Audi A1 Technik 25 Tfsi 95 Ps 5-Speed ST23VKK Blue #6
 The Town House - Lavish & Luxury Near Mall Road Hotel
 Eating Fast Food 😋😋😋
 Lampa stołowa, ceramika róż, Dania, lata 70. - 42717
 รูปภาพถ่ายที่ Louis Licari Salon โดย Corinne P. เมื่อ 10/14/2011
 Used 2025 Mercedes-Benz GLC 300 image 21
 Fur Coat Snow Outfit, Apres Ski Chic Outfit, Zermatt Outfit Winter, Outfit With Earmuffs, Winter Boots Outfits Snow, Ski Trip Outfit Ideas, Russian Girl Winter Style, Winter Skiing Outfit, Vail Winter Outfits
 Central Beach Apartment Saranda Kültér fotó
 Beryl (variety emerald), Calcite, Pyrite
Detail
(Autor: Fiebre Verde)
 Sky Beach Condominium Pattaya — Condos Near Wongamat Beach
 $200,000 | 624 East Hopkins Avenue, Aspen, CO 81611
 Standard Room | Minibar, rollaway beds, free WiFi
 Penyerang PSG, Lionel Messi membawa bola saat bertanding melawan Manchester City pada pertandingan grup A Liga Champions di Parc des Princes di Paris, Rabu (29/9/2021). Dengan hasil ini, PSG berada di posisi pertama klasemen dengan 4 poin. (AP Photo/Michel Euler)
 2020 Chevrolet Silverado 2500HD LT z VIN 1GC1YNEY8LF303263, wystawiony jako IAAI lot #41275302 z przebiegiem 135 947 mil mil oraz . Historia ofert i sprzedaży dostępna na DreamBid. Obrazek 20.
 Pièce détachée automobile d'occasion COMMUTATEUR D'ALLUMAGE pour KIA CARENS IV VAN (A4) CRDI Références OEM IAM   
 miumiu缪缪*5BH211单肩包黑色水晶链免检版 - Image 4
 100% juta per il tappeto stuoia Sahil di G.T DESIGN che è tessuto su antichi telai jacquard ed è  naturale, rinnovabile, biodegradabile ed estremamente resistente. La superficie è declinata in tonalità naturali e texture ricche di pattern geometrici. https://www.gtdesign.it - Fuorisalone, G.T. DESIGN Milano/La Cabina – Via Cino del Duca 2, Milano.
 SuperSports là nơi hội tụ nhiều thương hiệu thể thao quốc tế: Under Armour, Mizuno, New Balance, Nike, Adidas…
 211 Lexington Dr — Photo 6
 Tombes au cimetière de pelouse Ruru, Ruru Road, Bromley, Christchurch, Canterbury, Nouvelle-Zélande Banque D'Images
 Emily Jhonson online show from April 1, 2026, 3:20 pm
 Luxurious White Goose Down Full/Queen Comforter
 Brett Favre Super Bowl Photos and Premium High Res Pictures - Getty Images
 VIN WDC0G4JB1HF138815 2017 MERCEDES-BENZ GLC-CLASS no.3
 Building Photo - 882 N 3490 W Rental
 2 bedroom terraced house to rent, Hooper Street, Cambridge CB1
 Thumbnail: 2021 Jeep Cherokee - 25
##########
__Task instructions__
The lines to return are those in the entries above that hold "Images".

__Problem solution__
 Tombes au cimetière de pelouse Ruru, Ruru Road, Bromley, Christchurch, Canterbury, Nouvelle-Zélande Banque D'Images
 Brett Favre Super Bowl Photos and Premium High Res Pictures - Getty Images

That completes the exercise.